13/04/30 14:02:28 INFO mapred.JobClient: Task Id :
attempt_201304301251_0004_m_000001_2, Status : FAILED

java.io.FileNotFoundException: File
file:/home/kevin/WordCount/input/tools.jar does not exist

. . . . .

13/04/30 14:02:28 INFO mapred.JobClient: Task Id :
attempt_201304301251_0004_m_000000_2, Status : FAILED

java.io.FileNotFoundException: File
file:/home/kevin/WordCount/input/Websters.txt does not exist 

. . . .

13/04/30 14:02:33 INFO mapred.JobClient: Task Id :
attempt_201304301251_0004_m_000002_2, Status : FAILED

java.io.FileNotFoundException: File
file:/home/kevin/WordCount/input/hadoop-hdfs-2.0.0-cdh4.2.1.jar does not
exist

. . . . 

13/04/30 14:02:33 INFO mapred.JobClient: Task Id :
attempt_201304301251_0004_m_000004_2, Status : FAILED

java.io.FileNotFoundException: File
file:/home/kevin/WordCount/input/hadoop-common-2.0.0-cdh4.2.1.jar does not
exist

.  . . .

13/04/30 14:02:33 INFO mapred.JobClient: Task Id :
attempt_201304301251_0004_m_000003_2, Status : FAILED

java.io.FileNotFoundException: File
file:/home/kevin/WordCount/input/core-3.1.1.jar does not exist

 

No output folder was created (probably because of the numerous errors).

 

Kevin

 

From: Mohammad Tariq [mailto:[email protected]] 
Sent: Tuesday, April 30, 2013 1:32 PM
To: Kevin Burton
Subject: Re: Can't initialize cluster

 

Hello again Kevin,

 

     Good that you are making progress.

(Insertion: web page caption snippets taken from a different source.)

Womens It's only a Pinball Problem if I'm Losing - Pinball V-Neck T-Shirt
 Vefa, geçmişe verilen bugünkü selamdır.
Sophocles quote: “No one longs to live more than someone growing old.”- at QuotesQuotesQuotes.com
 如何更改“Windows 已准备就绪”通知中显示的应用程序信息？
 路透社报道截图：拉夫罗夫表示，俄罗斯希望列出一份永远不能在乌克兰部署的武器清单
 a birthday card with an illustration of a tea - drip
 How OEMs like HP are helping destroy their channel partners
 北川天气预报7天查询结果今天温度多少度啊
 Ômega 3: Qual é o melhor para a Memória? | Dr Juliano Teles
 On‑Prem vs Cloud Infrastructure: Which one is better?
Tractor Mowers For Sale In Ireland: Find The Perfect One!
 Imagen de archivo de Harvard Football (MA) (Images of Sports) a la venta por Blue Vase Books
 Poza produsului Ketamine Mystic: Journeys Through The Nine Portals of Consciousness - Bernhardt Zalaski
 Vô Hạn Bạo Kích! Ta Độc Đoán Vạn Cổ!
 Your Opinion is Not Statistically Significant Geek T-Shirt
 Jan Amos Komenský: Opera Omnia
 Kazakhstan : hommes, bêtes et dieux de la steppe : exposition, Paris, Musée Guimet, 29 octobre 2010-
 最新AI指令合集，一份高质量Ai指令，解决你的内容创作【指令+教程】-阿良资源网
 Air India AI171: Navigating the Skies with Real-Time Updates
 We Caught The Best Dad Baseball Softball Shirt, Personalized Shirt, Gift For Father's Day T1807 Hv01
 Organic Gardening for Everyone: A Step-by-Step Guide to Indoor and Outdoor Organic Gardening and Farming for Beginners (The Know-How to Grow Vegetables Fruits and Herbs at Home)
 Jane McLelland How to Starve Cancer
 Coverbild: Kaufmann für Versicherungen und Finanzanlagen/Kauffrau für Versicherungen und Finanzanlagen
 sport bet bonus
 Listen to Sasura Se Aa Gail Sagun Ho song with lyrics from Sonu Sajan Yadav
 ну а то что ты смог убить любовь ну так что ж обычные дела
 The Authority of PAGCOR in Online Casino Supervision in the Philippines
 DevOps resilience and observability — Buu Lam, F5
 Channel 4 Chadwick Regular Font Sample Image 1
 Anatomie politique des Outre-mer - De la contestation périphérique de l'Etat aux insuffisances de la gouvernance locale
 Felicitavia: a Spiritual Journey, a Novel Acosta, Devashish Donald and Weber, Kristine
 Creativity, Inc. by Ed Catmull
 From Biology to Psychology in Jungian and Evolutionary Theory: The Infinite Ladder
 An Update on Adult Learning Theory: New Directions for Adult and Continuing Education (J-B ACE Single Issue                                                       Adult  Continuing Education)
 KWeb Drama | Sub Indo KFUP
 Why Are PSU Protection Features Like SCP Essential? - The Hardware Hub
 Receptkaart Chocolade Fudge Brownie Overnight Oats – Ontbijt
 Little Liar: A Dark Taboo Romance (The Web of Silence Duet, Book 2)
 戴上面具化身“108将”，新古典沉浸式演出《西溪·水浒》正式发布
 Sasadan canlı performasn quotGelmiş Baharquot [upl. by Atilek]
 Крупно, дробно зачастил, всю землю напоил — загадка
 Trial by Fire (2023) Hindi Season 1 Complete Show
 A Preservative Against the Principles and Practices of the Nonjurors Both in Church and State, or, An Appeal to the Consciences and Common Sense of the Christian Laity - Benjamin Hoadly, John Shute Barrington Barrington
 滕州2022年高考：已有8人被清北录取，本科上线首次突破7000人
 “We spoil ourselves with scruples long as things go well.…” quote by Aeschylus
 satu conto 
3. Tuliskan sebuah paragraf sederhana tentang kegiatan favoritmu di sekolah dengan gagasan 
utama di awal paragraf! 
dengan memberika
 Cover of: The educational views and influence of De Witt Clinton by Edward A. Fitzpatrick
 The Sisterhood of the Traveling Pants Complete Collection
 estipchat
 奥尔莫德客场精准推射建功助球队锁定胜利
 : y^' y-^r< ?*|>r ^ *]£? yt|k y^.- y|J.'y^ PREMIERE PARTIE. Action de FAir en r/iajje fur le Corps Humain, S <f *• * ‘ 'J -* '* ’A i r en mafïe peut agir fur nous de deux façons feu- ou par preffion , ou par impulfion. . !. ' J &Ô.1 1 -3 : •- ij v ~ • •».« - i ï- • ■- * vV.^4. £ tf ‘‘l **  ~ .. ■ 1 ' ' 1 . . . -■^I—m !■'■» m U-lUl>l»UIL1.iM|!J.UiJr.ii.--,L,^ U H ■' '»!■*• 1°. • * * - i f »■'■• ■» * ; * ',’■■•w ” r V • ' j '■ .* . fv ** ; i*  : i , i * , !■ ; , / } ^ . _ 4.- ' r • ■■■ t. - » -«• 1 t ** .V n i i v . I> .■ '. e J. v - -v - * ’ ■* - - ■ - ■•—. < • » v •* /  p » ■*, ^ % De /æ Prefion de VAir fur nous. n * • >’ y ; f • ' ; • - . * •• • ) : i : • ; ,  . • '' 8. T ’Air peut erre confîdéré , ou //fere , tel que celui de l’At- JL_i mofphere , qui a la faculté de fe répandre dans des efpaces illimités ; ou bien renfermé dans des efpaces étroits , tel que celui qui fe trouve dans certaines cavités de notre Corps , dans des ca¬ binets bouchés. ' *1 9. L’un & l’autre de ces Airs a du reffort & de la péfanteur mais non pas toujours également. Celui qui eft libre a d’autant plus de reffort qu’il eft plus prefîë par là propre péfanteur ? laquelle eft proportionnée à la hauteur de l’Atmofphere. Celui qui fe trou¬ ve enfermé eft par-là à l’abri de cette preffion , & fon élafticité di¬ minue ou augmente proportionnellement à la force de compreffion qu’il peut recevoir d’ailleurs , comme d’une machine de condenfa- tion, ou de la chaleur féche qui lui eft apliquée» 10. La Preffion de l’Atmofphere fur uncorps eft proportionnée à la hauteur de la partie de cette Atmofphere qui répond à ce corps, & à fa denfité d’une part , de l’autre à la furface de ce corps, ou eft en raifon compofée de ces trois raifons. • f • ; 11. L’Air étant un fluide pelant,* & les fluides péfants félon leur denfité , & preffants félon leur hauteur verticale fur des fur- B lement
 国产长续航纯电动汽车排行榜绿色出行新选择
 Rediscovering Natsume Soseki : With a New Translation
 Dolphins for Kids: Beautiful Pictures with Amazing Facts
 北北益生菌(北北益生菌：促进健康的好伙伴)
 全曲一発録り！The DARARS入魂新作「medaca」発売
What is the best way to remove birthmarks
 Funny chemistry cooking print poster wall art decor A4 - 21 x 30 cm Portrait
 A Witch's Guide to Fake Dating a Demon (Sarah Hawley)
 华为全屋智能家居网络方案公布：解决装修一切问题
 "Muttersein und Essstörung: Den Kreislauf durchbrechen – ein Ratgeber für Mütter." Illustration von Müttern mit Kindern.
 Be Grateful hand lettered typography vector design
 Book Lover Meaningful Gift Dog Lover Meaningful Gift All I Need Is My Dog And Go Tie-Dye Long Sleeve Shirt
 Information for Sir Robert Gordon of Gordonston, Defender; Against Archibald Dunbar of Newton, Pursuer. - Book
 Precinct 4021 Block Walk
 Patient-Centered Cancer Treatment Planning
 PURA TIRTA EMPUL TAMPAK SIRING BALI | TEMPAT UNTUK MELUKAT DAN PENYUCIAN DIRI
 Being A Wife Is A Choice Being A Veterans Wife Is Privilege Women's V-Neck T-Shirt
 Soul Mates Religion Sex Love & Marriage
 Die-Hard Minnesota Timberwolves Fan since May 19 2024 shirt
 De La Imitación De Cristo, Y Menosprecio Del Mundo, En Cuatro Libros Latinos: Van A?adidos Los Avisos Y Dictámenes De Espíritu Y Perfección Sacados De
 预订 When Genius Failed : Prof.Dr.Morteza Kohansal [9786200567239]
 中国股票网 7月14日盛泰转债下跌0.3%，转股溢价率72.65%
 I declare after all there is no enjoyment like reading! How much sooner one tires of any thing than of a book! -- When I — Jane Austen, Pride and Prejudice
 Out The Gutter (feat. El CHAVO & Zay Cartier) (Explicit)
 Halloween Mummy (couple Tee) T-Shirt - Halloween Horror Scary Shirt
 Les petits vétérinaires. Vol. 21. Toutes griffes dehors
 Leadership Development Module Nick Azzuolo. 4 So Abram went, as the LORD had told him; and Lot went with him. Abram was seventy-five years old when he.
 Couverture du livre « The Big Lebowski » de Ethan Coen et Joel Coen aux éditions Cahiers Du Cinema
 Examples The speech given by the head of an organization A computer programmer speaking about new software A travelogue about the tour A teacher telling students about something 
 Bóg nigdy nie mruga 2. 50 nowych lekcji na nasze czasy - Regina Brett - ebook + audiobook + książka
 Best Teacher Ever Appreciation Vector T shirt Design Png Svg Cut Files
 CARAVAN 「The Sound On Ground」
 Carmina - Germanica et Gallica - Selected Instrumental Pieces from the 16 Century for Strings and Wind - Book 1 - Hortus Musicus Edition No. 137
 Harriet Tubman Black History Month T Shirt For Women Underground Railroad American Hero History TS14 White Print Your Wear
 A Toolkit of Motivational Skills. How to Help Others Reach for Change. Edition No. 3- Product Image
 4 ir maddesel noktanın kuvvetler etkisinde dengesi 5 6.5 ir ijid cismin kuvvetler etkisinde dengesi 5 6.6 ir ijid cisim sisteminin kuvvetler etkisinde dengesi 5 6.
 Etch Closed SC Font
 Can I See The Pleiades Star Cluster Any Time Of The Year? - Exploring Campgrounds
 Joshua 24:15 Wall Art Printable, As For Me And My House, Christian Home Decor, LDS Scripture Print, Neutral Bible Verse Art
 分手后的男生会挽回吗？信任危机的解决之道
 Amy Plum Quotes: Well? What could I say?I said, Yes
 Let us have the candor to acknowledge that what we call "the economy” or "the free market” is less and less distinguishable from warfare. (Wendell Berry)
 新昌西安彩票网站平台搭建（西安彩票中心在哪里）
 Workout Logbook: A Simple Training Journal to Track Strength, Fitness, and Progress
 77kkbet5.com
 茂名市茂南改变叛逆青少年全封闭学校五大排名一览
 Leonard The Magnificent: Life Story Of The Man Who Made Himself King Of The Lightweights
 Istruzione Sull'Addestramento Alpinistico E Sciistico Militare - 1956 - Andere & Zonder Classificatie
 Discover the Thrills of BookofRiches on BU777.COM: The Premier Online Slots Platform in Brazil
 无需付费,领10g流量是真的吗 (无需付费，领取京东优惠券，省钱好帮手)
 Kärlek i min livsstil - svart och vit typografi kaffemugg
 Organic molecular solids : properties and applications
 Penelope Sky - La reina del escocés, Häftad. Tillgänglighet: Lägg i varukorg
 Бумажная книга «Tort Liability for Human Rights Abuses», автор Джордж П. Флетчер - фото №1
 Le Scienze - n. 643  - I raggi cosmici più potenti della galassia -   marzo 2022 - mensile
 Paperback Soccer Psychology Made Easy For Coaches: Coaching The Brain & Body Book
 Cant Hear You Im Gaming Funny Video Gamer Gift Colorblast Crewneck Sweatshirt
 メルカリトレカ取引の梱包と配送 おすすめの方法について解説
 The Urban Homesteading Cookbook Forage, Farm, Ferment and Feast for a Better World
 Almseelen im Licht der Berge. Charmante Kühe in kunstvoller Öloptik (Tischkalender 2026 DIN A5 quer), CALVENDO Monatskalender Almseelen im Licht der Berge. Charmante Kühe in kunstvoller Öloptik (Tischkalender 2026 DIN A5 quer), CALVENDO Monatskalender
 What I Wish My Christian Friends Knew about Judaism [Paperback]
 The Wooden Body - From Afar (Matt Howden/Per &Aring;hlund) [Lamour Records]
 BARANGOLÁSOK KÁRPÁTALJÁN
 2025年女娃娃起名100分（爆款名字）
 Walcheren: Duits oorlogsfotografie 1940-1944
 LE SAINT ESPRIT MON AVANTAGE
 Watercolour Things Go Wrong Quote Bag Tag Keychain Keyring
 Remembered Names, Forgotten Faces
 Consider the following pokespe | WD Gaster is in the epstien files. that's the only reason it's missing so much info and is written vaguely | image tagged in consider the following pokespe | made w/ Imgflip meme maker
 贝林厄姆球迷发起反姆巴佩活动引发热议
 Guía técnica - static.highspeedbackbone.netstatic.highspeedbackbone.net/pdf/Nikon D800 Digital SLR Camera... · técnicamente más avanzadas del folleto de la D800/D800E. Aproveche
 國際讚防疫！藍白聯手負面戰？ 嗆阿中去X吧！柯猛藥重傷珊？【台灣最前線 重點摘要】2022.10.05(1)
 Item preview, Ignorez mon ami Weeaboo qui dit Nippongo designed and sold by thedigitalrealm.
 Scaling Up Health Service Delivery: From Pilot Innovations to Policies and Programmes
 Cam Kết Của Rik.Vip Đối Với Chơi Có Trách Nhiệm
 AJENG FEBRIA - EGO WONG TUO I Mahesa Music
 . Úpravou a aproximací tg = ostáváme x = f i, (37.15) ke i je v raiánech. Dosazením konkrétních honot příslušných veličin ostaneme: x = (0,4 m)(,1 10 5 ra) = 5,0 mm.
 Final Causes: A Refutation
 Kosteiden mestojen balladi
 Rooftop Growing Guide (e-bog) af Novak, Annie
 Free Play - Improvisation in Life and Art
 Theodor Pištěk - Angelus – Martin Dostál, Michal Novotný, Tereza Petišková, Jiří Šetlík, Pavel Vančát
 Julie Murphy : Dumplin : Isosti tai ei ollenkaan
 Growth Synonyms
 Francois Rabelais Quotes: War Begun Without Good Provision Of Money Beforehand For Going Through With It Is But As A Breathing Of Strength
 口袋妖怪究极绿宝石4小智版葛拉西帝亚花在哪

This is happening because when you
are running it as a hadoop job, it looks for the the files in HDFS and when
you run it as a job program it looks into the local FS. Use this as your
input in your code and see if it helps : 

 

file:///home/kevin/input <file:///\\home\kevin\input> 

 




Warm Regards,

Tariq

https://mtariq.jux.com/

cloudfront.blogspot.com

 

On Tue, Apr 30, 2013 at 11:36 PM, Kevin Burton <[email protected]>
wrote:

We/I are/am making progress. Now I get the error:

 

13/04/30 12:59:40 WARN mapred.JobClient: Use GenericOptionsParser for
parsing the arguments. Applications should implement Tool for the same.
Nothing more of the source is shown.